Displacement methods

Since the displacement of the cement can impact the whole exercise, the following primary procedures adopted from Hossain and Al-Majed (2015) will be used (Figure 7).

     Circulating chemical washers

     Inserting bottom plug

     Pumping down the spacer

     Pumping cement slurry

     Inserting top plug

     Displacing with displacement fluid until the top plug reach the float collar

     Then, pressure testing of the casing is done.

## 9.0 MUD PROGRAM

Water-based mud will be used during drilling. This is due to the cost and environmental consideration. Mud weight will be changed according to the subsurface formation of the well (Figure 8). Thus, mud density that will maintain primary well control across the well was calculated by keeping mud hydrostatic pressure equal to the pore pressure using equation 3. The results are attached in appendix IV. The figure shows constant mud weight of 8.6 ppg will be used until depth of 5576 ft because of stable formation.

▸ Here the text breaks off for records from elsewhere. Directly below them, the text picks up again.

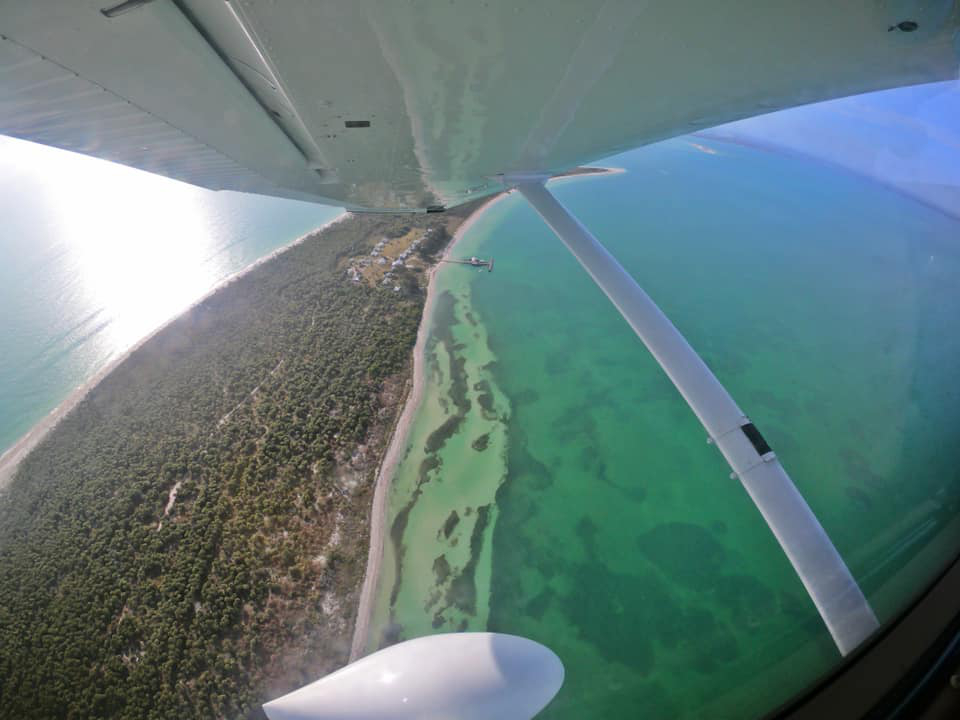Siesta key beach seen from the cockpit window of a flying plane
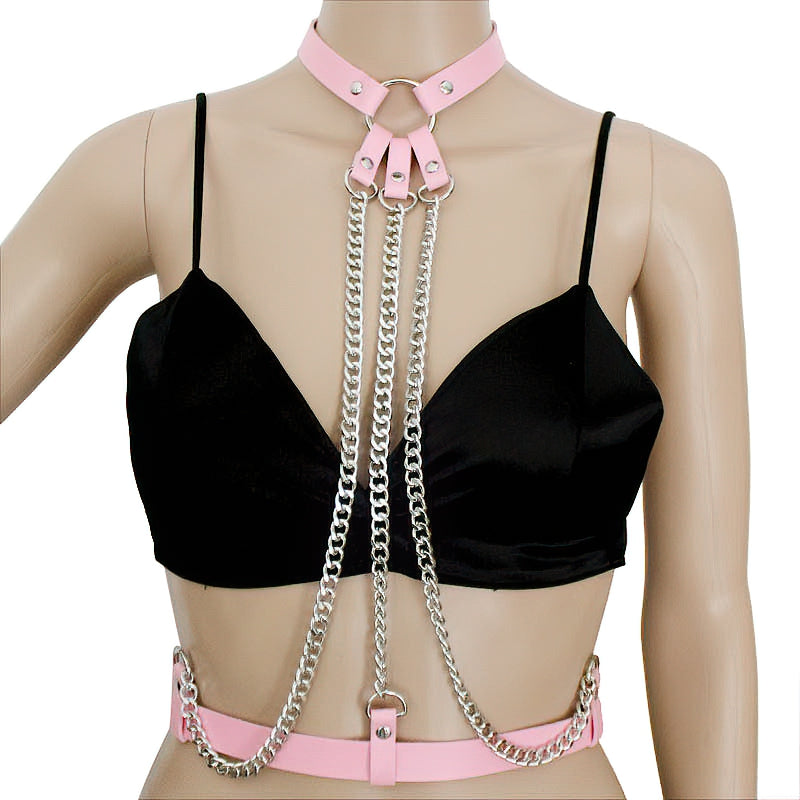 Pink leather body harness with chains, stylish alternative fashion accessory for attention-grabbing looks.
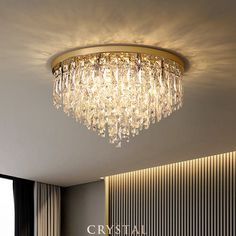 a chandelier hanging from the ceiling in a living room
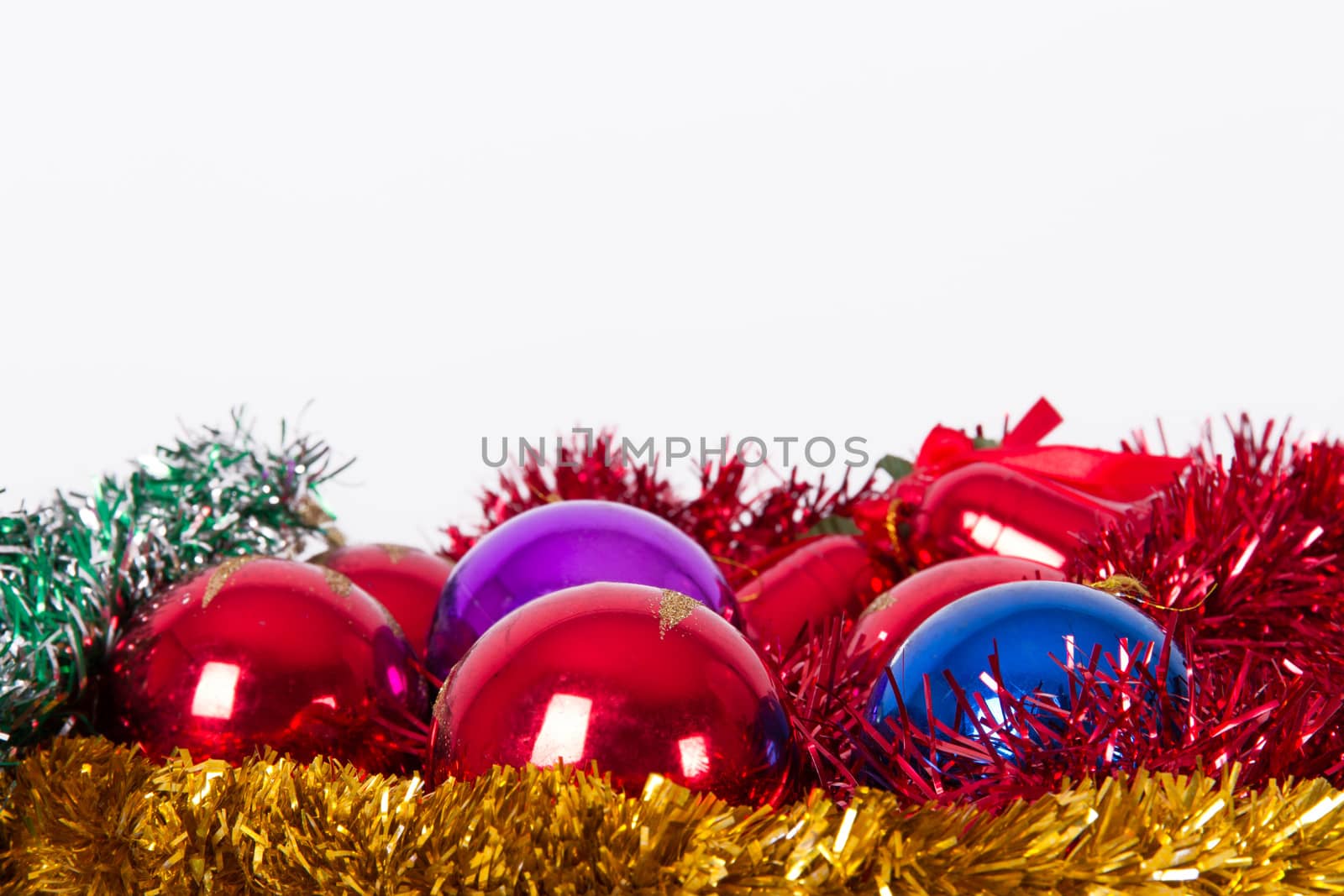 Christmas ornaments, balls, bells with space on top, isolated on white background.
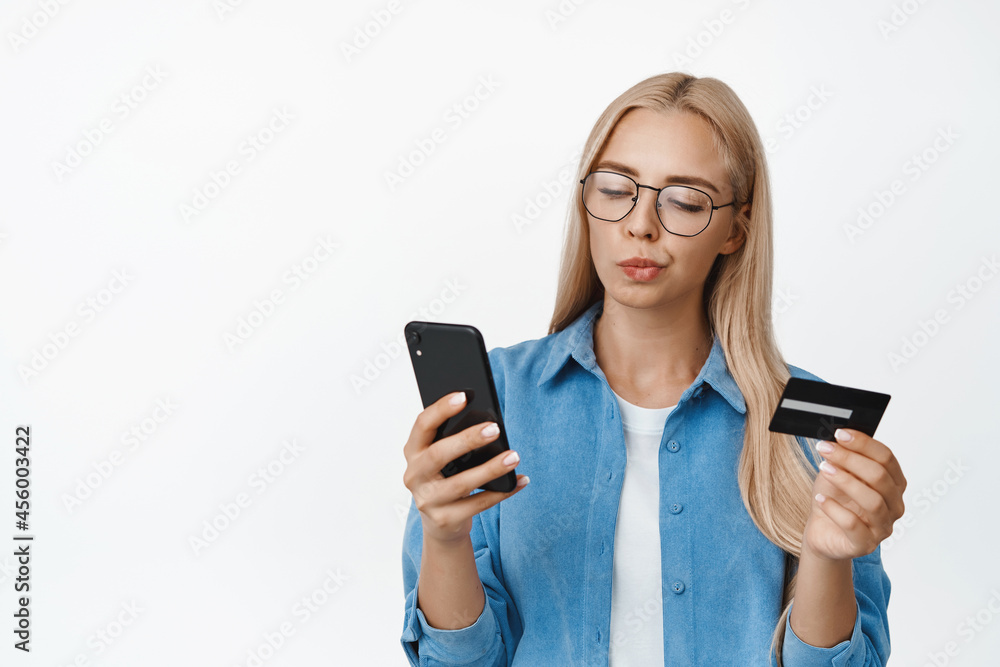 Image of girl in glasses looking thoughtful at smartphone screen, holding credit card, buying something, making decision while online shopping, standing over white background Image of girl in glasses looking thoughtful at smartphone screen, holding credit card, buying something, making decision while online shopping, standing over white background
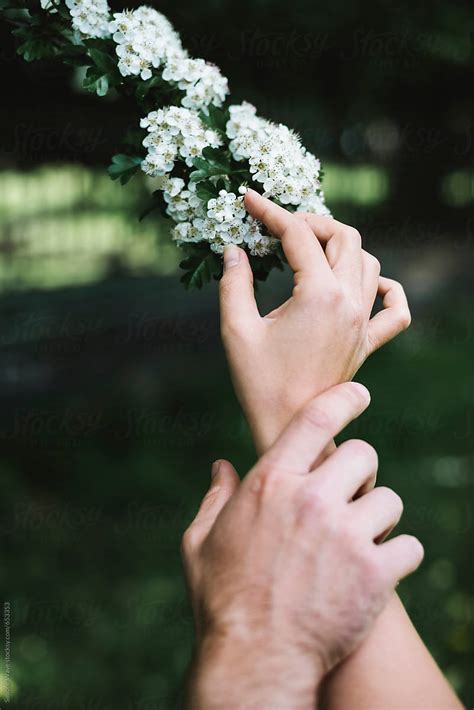 Couple Hands Holding Flowers By Stocksy Contributor Simone Wave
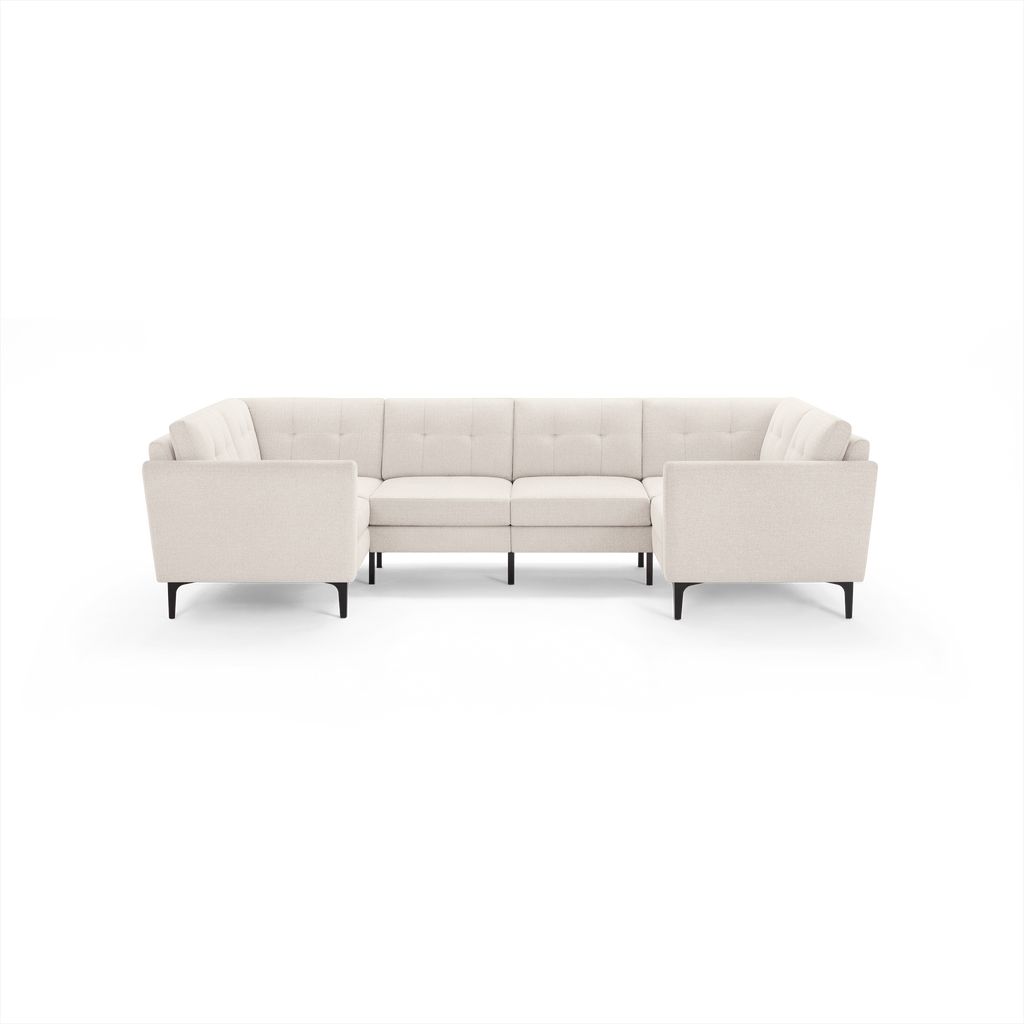 Modern beige fabric U-shaped sectional sofa with tufted back cushions and black tapered legs, designed for spacious seating.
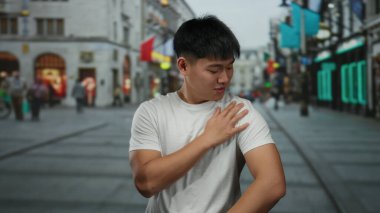 Genç Çinli bir adam gülümsüyor ve hareketli bir şehir caddesinde sokak ortasında el kol hareketi yapıyor..
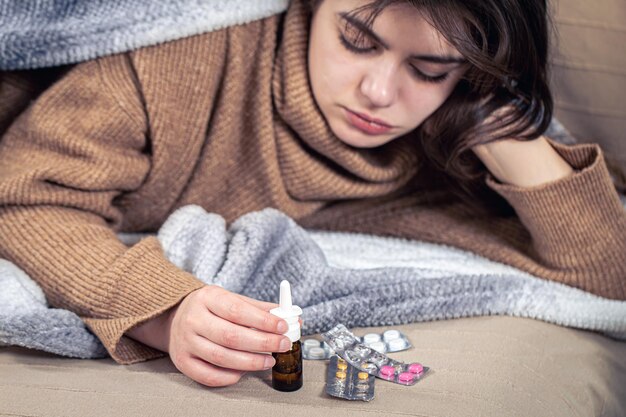 Sick young woman with medicines lies in bed colds and home treatment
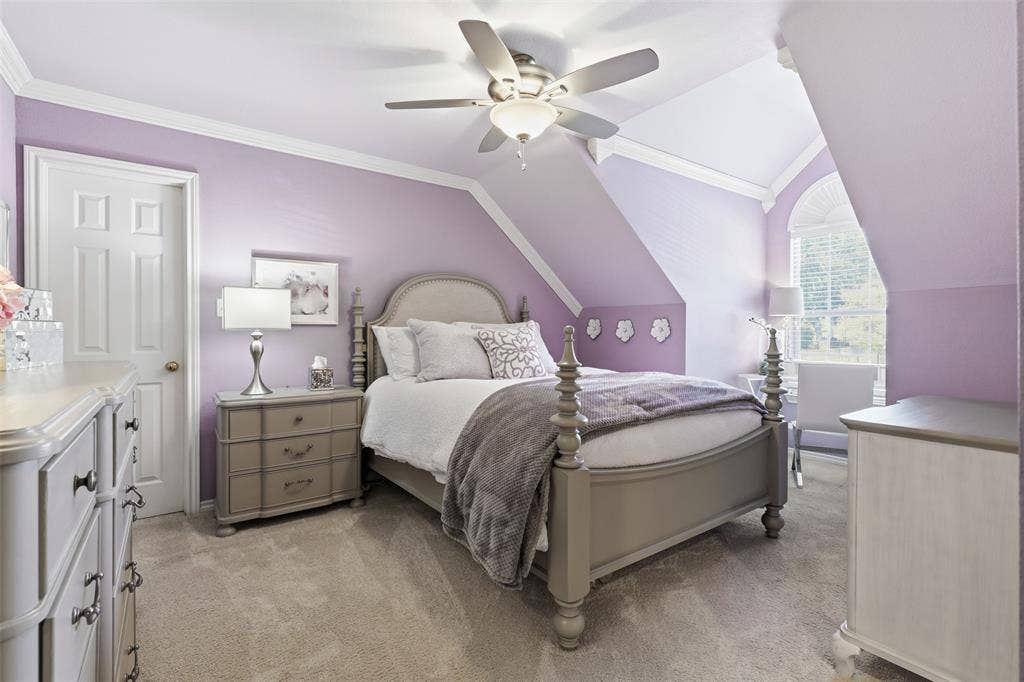 Another upstairs guest bedroom with walk-in closet and dormer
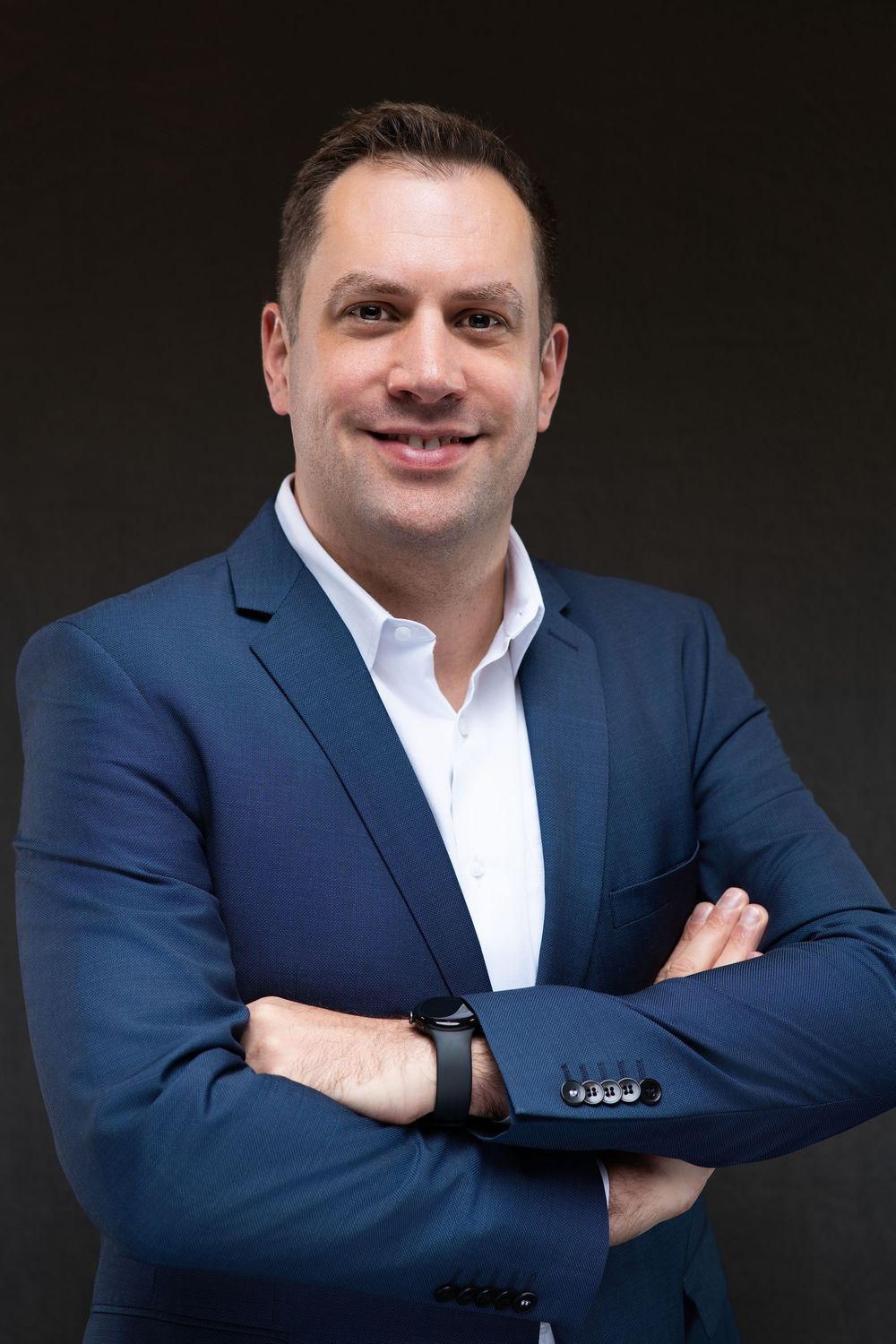 Professional businessman in blue blazer and white shirt smiling with arms crossed against dark background.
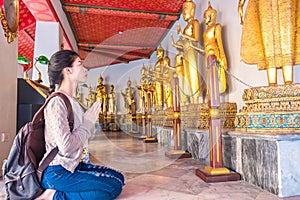 Asian women tourist backpack is worshiping the image of Buddha in holiday at wat pho Bangkok Thailand. It is a landmark and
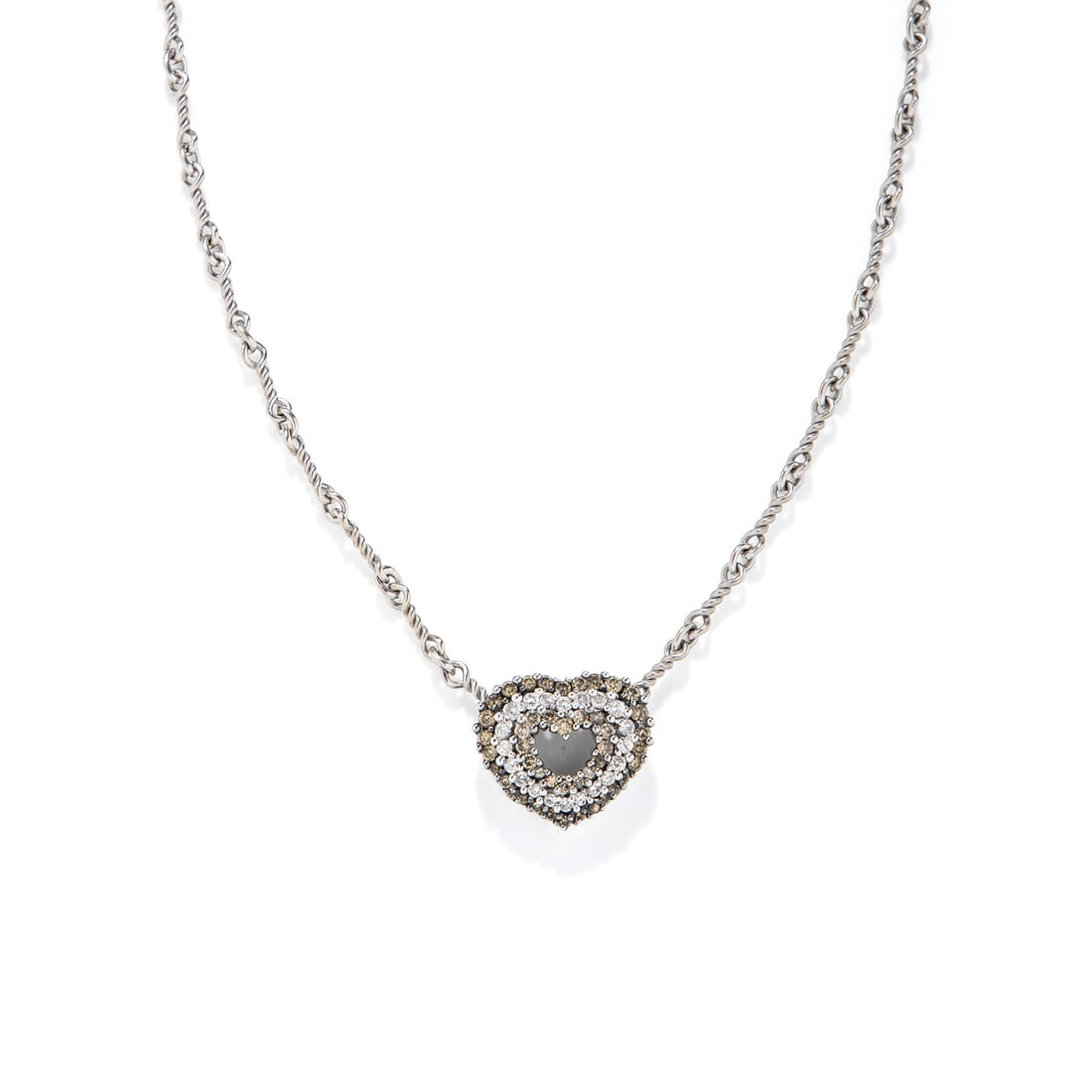 WHITE GOLD, DIAMOND, AND COLORED DIAMOND HEART NECKLACE: WHITE GOLD, DIAMOND, AND COLORED DIAMOND HEART NECKLACE Round diamonds and brown diamonds (origin of color not tested) weighing approximately 1.00 carat total. 14 karat white gold. 18 inches long.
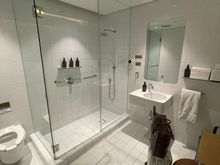 Shower Number 1: Quantas F lounge. Tiles are abit old in design, but did the trick. Wished there was more space or luggage rack to put the luggage on. There is an ottoman though, and did the trick!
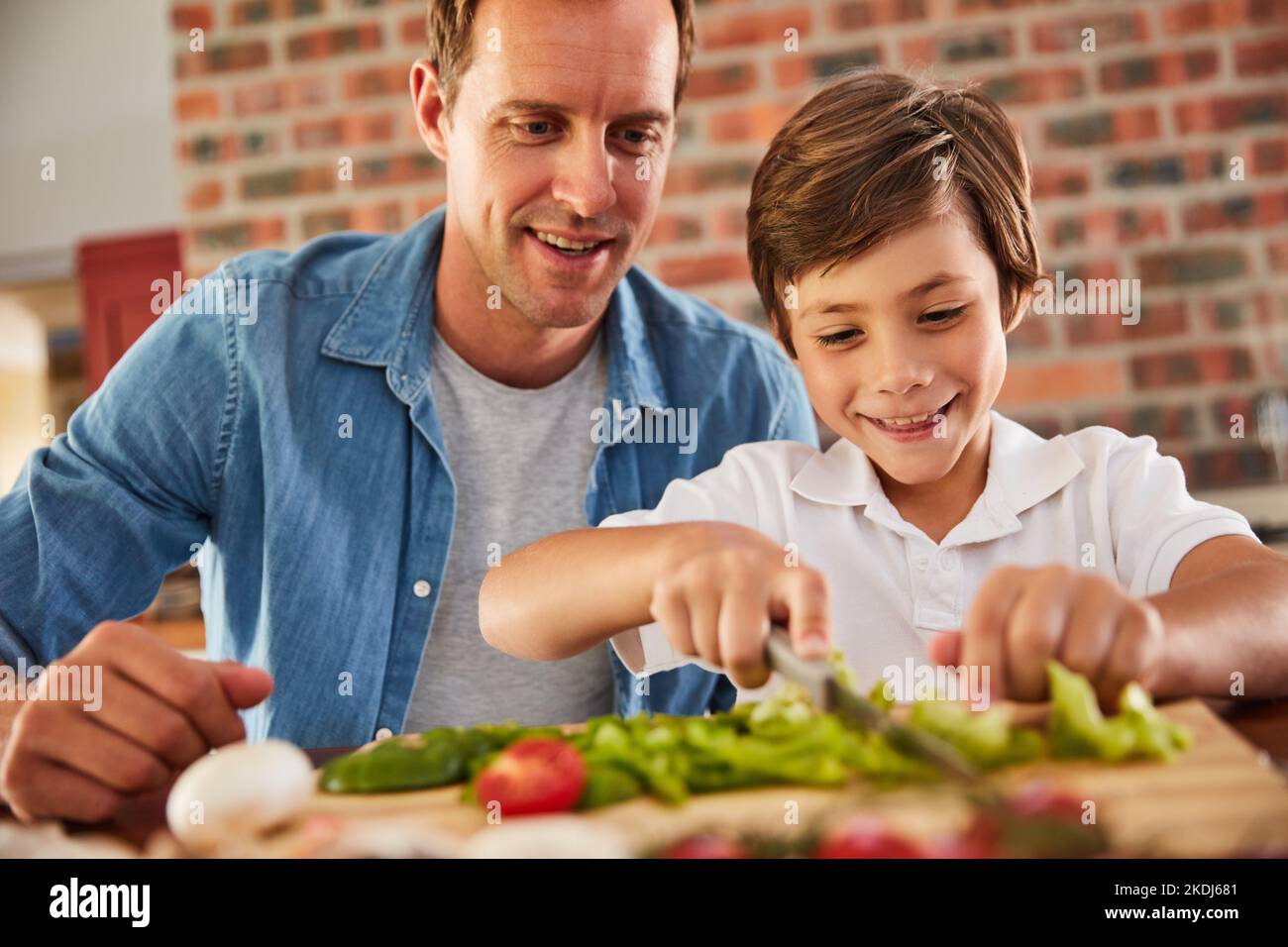 Hes a Masterchef in the making. a father watching his little boy chop vegetables in the kitchen. Stock Photo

However, mud density will be increased to 10.9 ppg from 5576 ft to TVD. High mud density between 7,872 ft to 10237 ft is because of hard claystone and dolomite formation with 15 m thick of limestone. Mud weight for each casing section are shown in Table 6.

Mud weight (ppg) = Pressure gradient (psi/ft) ÷ 0.052  equation 3.

#### Figure 8: Variation of mud density during drilling operation.

##### Table 6: Mud weight for maintaining primary well control
 Type of Mud HOLE SIZE (in) CASING SIZE (in) DEPTH FROM THE SURFACE (ft) Mud weight for primary well control (ppg) Water Based Mud 36 30 710 8.6 26 20 2,100 9.7 $17\frac{1}{2}$ 13.375 5,241 10.9 $12\frac{1}{4}$ 9.625 11,195 10.9

## 10.0 Bit programme

Appropriate drilling bit selection requires evaluation of various contributing factors including the cost per depth and rate of penetration (Nabilou 2016). Therefore, based on the subsurface formation of the area which is predominantly consist of interbed of soft sand, claystone, lime and moderately hard layer of limestone, roller cone bits will be used (Figure 9). The reasons behind selection is due to its flexibility and can be used to drill both hard and soft formations. Different bits size based on API standards will be employed according to the required holes for casing layout.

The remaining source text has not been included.